Is Docker a Container Runtime?
As in any profound technology, at certain boundaries, things get complicated. And the devil, as always, is in the details: Docker is a platform for building and managing containerized applications. So, at a very high level, it is a tool. And, as a tool, it uses containerd as its (default) container runtime.
So when one says “Docker is the most widely used container runtime.”, they might be correct in a sense, yet, factually incomplete 🙂.
Does That Mean Kubernetes Is a Container Runtime?
Kubernetes is not a container runtime but rather a Container Orchestration System. However, Kubernetes uses a container runtime to manage the lifecycle of containers.
The container runtime that Kubernetes uses is responsible for managing the lifecycle of containers. At the same time, Kubernetes provides higher-level features for deploying, scaling, and managing containerized workloads.

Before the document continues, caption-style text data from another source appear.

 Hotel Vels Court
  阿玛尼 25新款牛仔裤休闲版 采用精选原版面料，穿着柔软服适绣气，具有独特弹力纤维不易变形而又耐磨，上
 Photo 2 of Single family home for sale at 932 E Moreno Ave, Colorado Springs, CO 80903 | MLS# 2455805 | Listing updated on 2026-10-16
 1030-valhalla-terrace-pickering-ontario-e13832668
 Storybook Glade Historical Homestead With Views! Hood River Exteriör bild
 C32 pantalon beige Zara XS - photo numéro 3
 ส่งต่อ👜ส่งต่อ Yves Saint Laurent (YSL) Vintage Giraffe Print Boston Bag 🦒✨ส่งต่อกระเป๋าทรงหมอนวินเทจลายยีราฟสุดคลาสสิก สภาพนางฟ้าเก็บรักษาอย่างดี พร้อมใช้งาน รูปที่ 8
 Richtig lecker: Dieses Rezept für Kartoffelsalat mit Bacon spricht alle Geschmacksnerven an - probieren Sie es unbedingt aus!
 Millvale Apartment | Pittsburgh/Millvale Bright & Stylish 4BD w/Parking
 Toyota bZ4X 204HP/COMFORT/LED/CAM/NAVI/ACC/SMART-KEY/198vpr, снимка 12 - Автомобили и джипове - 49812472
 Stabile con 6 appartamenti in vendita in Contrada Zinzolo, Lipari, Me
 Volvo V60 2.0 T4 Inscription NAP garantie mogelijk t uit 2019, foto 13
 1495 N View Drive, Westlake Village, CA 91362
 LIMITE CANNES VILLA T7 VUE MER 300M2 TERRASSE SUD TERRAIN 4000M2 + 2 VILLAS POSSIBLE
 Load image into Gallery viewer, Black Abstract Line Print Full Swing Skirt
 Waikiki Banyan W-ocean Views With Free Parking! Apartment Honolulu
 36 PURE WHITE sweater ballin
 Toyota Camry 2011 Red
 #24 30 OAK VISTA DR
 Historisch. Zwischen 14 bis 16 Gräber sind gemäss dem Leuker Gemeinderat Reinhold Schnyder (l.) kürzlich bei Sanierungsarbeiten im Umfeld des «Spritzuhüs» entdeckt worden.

What is a Containerized Workload?
A containerized workload is an application or service packaged and deployed to a container runtime.
A containerized workload is often referred to simply as a “workload.” A workload is typically defined by a Kubernetes Object, such as a Deployment or a Job, which specifies the desired state of the workload.
What is a Kubernetes Object?
A Kubernetes Object is a persistent entity representing a cluster’s desired state. Kubernetes Objects are used to define and manage the state of the Kubernetes system and the workloads running on it.
Here are a few examples of Kubernetes Objects:
- Pod: The smallest deployable unit in Kubernetes, representing a single running process instance.
- Deployment: A higher-level abstraction that manages groups of pods.
- Service: An abstract way to expose a set of Pods to a network service, enabling external access.
- ConfigMap: A configuration store that decouples configuration data from container images, allowing for dynamic configuration changes.
There are many other Kubernetes Objects; we will explore them all in detail as we continue this series.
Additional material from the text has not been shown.